« La vérité, qui est une, a l’éternité pour elle » (Zola, lettre à Loubet, 1900)

Un manuscrit exceptionnel, conservé à la Bibliothèque de la Cour de cassation, vient d’être mis en ligne dans Gallica…

Le 22 décembre 1900, Émile Zola publie dans L’Aurore une lettre ouverte au président de la République Émile Loubet, par laquelle il dénonce la loi d’amnistie votée quelques jours auparavant en faveur des acteurs de l’affaire Dreyfus. Zola interpelle vigoureusement le président Loubet qui avait, en septembre 1899, gracié le capitaine Dreyfus : « aujourd’hui, au lieu de la justice, c’est cette amnistie scélérate et outrageante qui vient ».

Brouillon de la lettre adressée par Émile Zola au président de la République, Émile Loubet, relative à l’affaire Dreyfus Le brouillon de cette lettre a été offert en 1981 à la Bibliothèque de la Cour de cassation par les descendants de Mathieu Dreyfus, frère aîné d’Alfred Dreyfus. La numérisation par la BnF de ce document exceptionnel, désormais consultable dans Gallica, inaugure le partenariat conclu entre les deux institutions en octobre 2012.
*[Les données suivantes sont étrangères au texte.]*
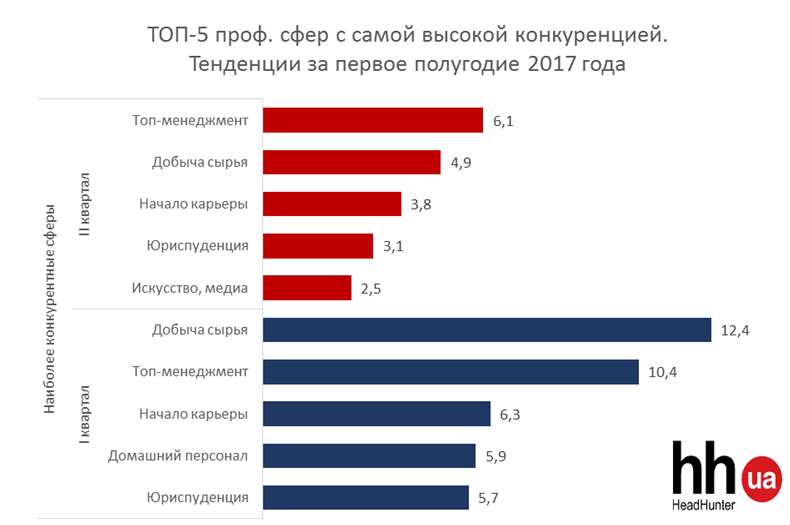 Топ профессиональных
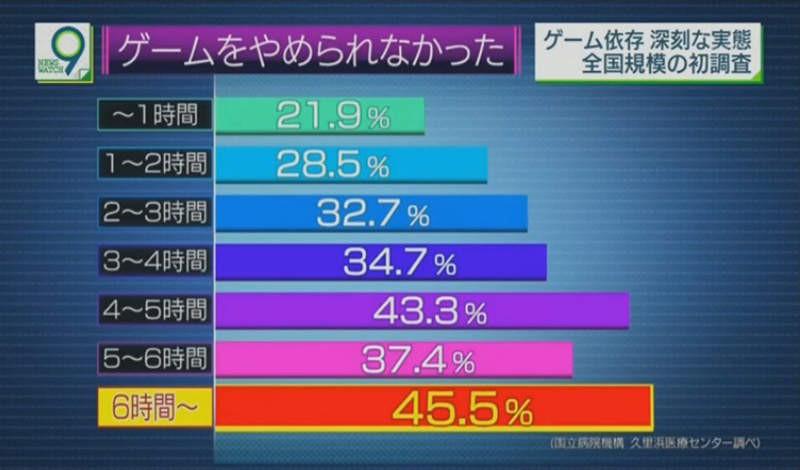 2019年12月23日新闻,2019年12月8日新闻内容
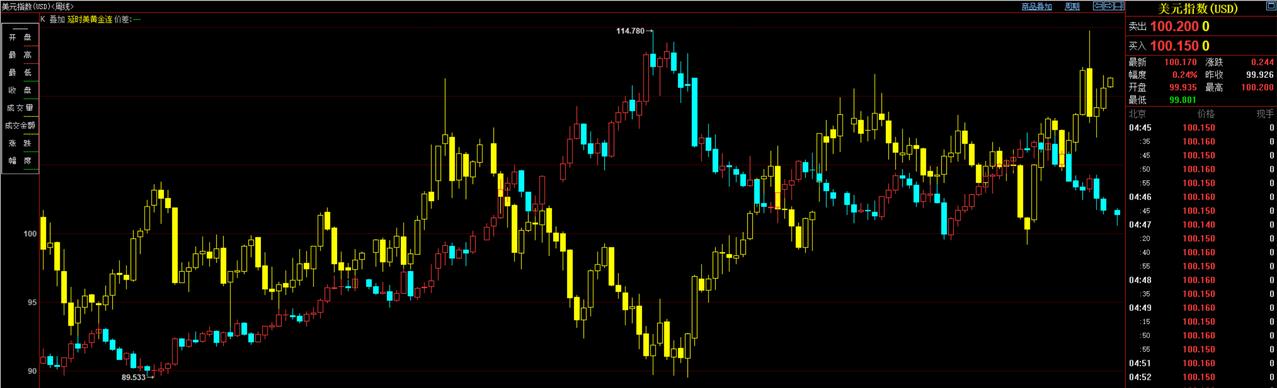 我们知道美元与黄金作为全球的避险工具,两者具有较强的相互替代关系,从中长期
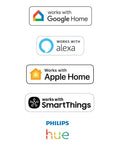 Logos showing compatibility with Google Home, Alexa, Apple Home, SmartThings, and Philips Hue.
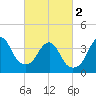 Fort Wadsworth tide chart for Saturday, March 2, 2024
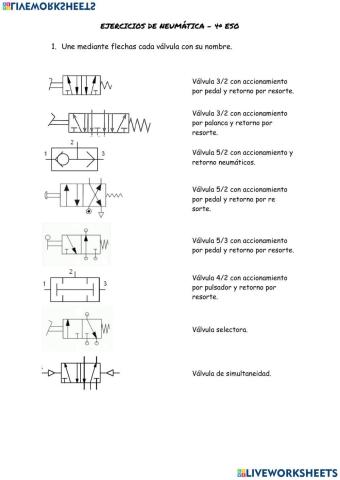 Simbologia neumatica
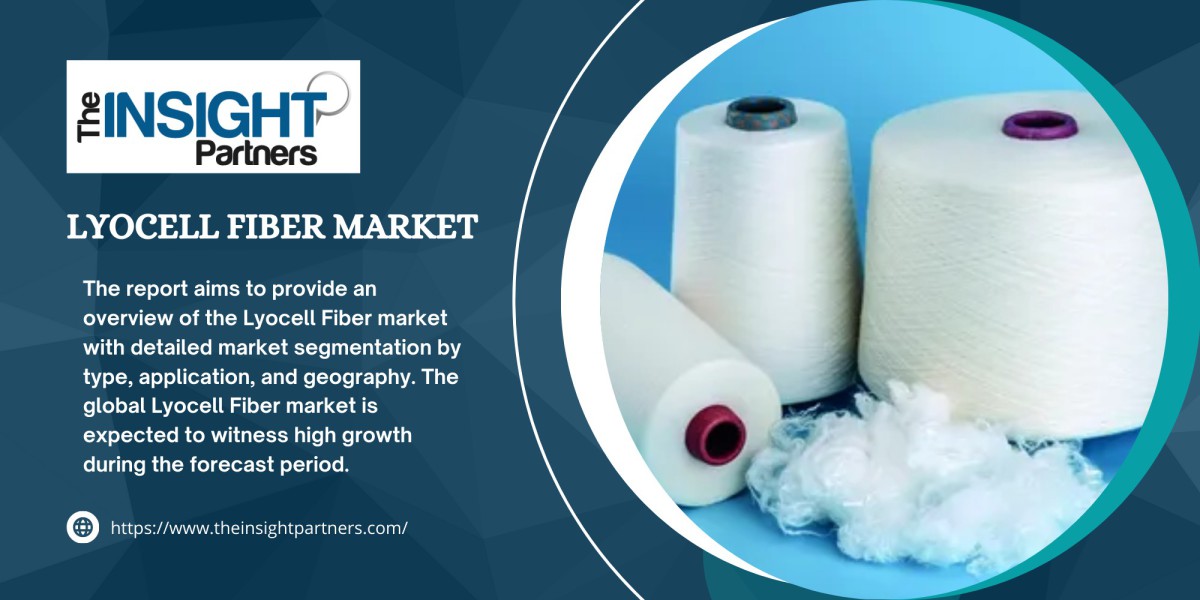 Lyocell Fiber Market Players, Regions, Type, Application and Forecast 2031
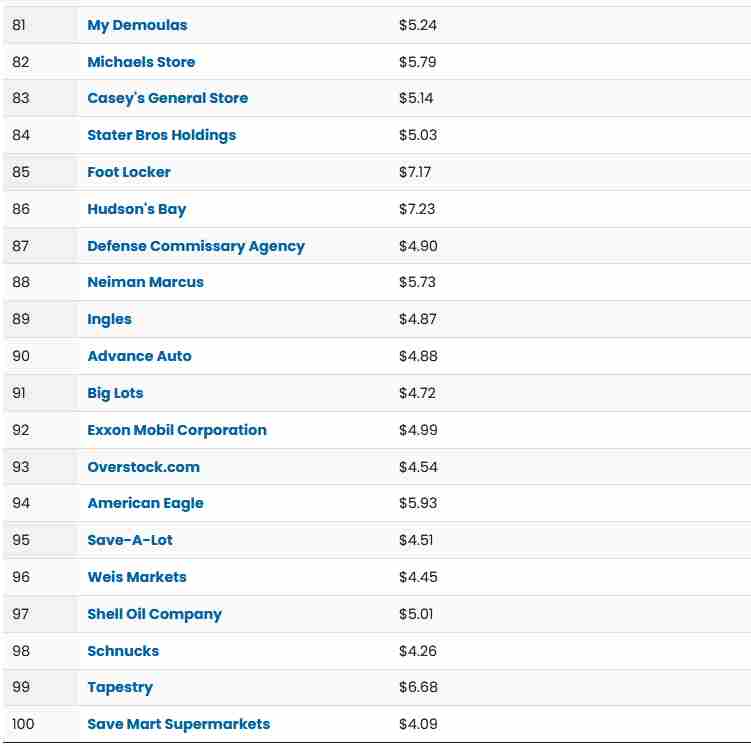 top 100 retail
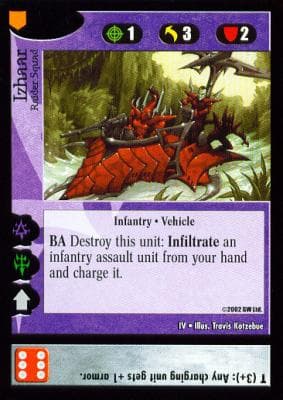 Izhaar - Raider Squad — image 1
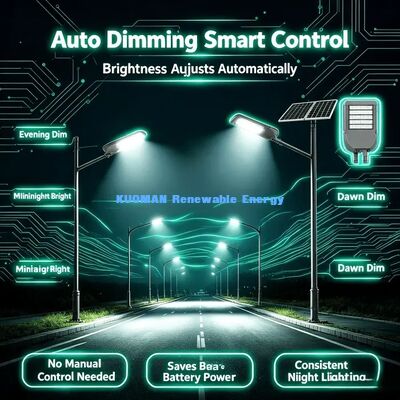 Penghematan Energi Lampu Jalan Surya Biaya Operasi Nol Lampu Luar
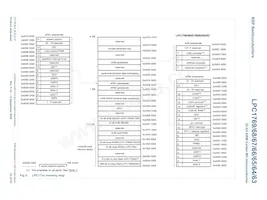 LPC1768FET100Z Datasheet Page 23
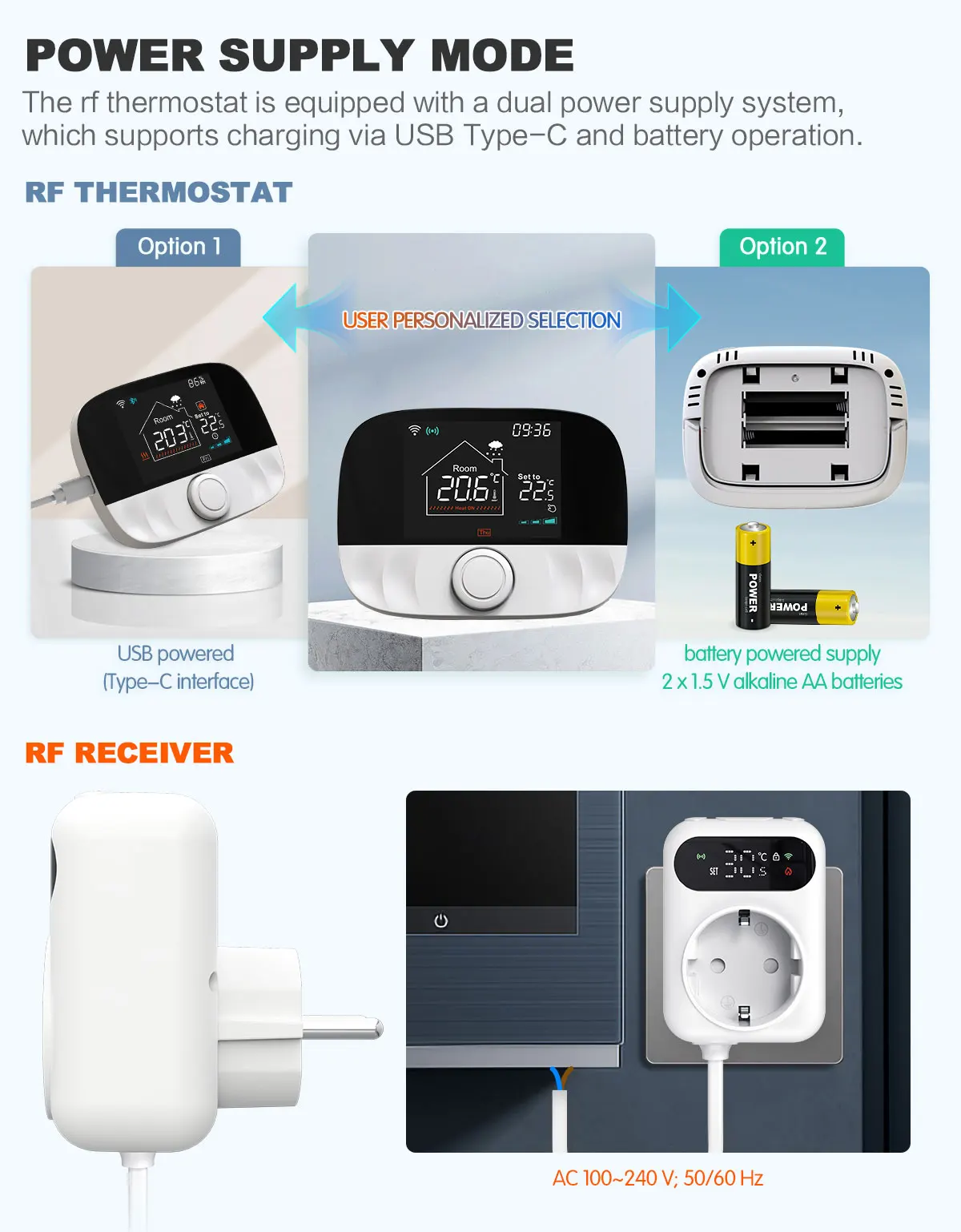 RF433 Termostato wireless Caldaia a gas Tuya Smart WIFI Regolatore di temperatura Riscaldamento ambiente Termoregolatore batteria Alexa Google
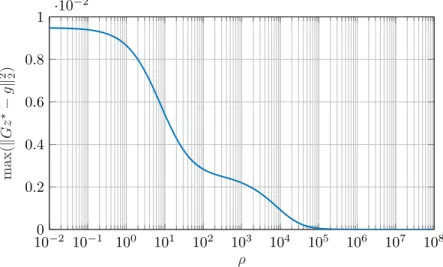 Figure 2.3: Maximum perturbation introduced in the linear dynamics as a function of the penalty ρ.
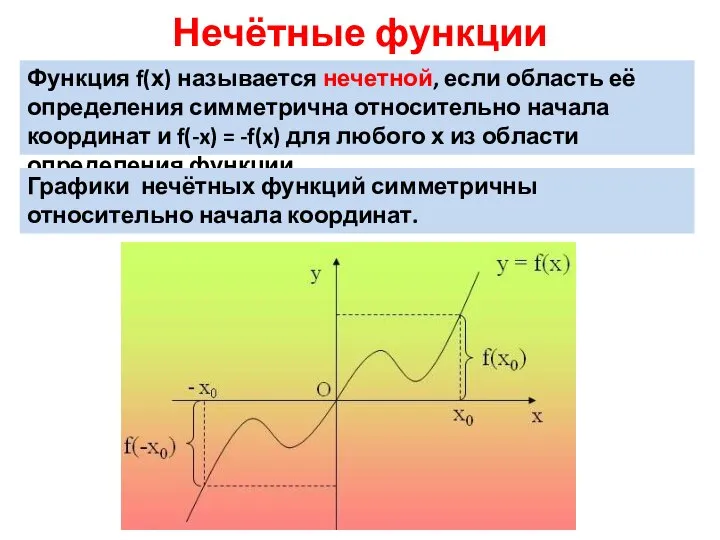 Нечётные функции Функция f(х) называется нечетной, если область её определения симметрична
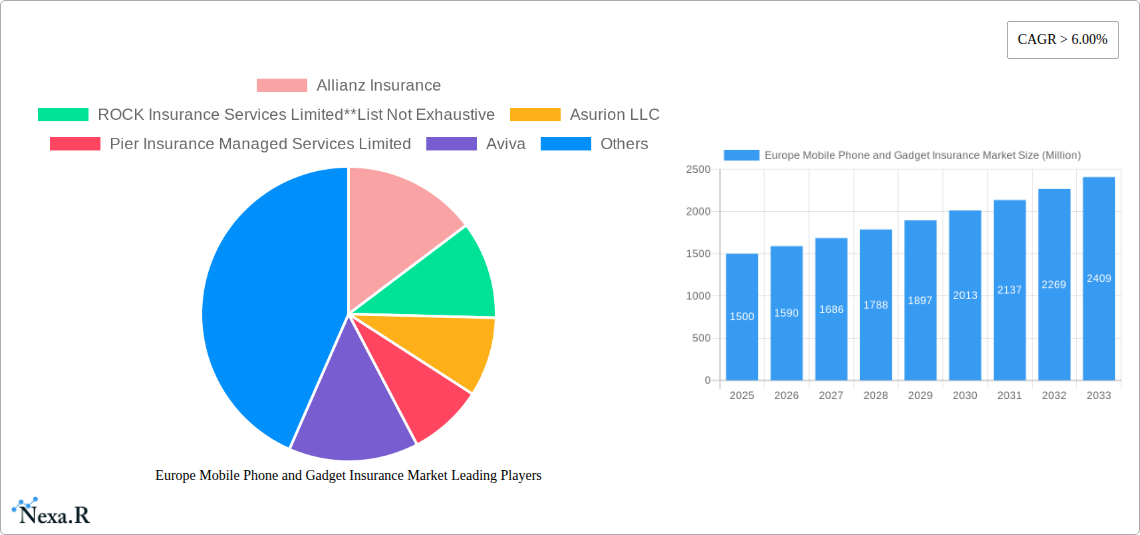 Europe Mobile Phone and Gadget Insurance Market Research Report - Market Size, Growth & Forecast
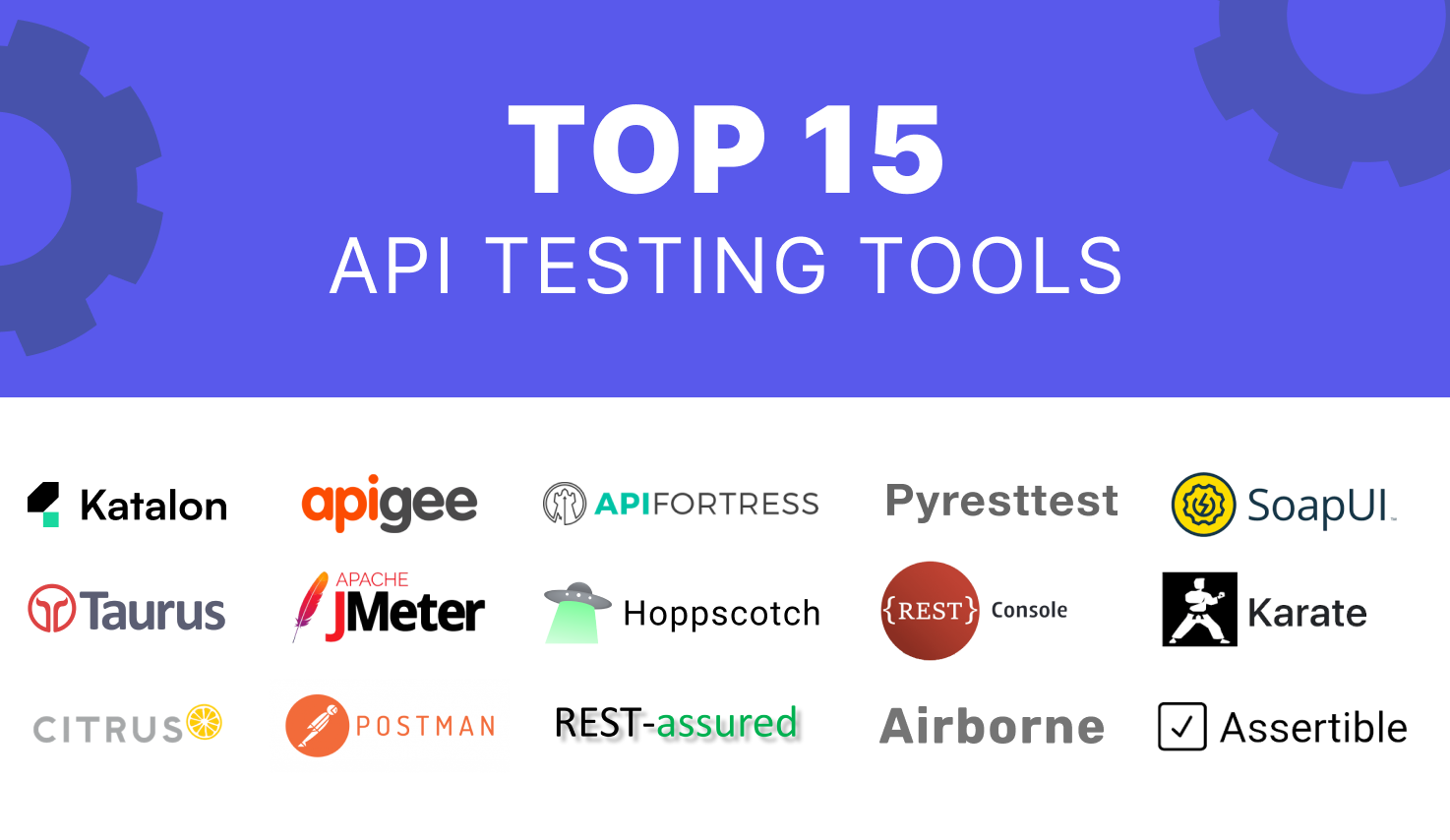 H2: Writing Tests with Karate DSL for Microservices APIs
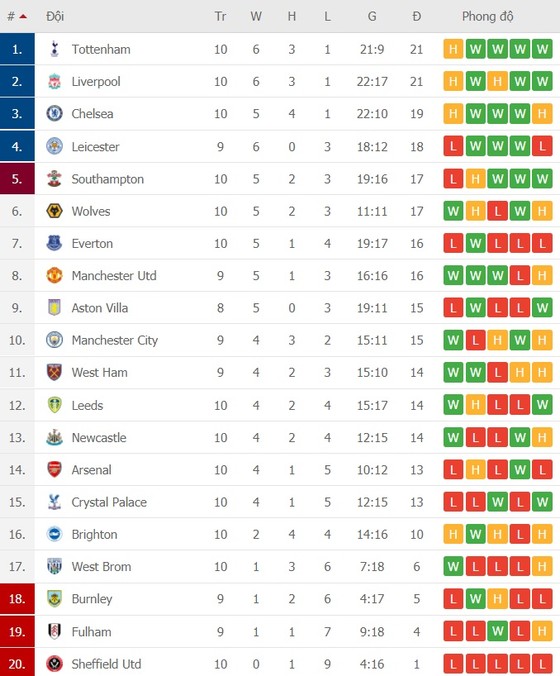 Kết quả và xếp hạng vòng 10: Tottenham giữ ngôi đầu, Man United lên hạng 8 ảnh 2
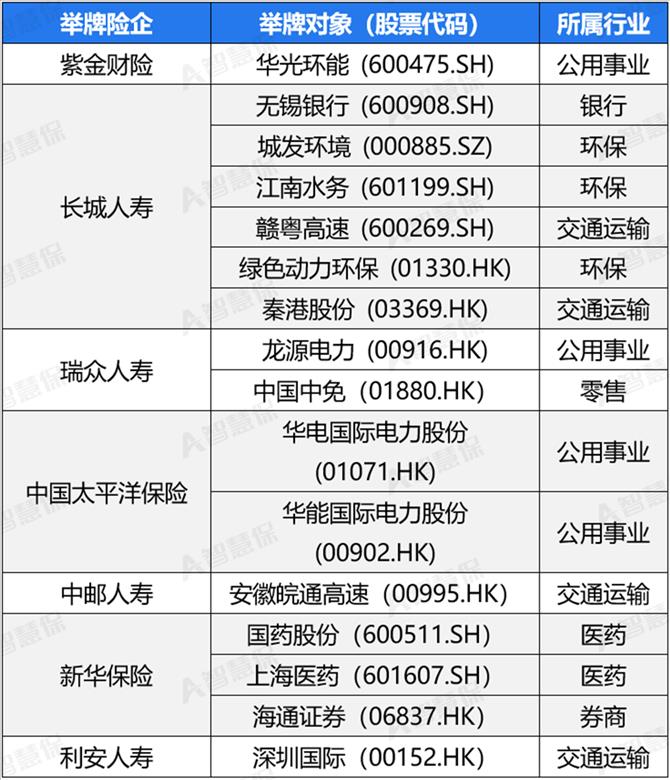 7家险企、16家上市公司：新一轮举牌潮背后有深意！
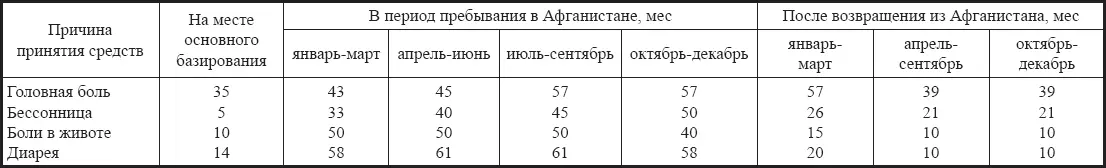 Анализ полученных материалов позволяет сделать вывод о существенном изменении - фото 33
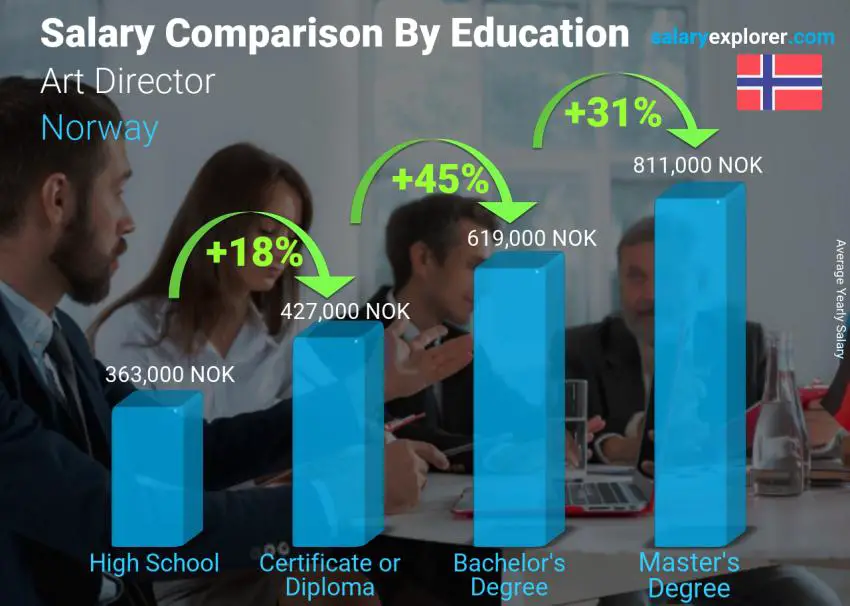 Salary comparison by education level yearly Norway Art Director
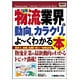 図解入門業界研究 最新物流業界の動向とカラクリがよーくわかる本(How-nual Industry Trend Guide Book) [単行本]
Ce manuscrit vient enrichir le corpus de documents concernant l’affaire Dreyfus dans Gallica. Outre le manuscrit autographe du J’Accuse… ! conservé à la BnF, la bibliothèque numérique offre en effet accès à de nombreux livres retraçant l’Affaire, ainsi qu’aux papiers manuscrits de Maître Labori, avocat de Dreyfus, à un recueil de photographies prises lors du procès de Rennes en 1899, ou encore à un enregistrement sonore de la voix de Dreyfus lisant un fragment de ses Mémoires en 1912.

 

Zola mourra en 1902, deux ans après la publication de cette lettre ouverte à Loubet. Ce n’est qu’en 1906 que la Cour de cassation annulera le jugement du Conseil de guerre de Rennes et affirmera que la condamnation portée contre Dreyfus a été prononcée « à tort », preuve que, comme le formulait Zola dans son apostrophe à Loubet, « vous avez beau enterrer la vérité, elle chemine sous terre, elle repoussera un jour de partout, elle éclatera en végétations vengeresses ».

 

Clément Pieyre, directeur de la Bibliothèque de la Cour de cassation, Claire Bonello et Mélanie Leroy-Terquem, département de la Coopération (BnF)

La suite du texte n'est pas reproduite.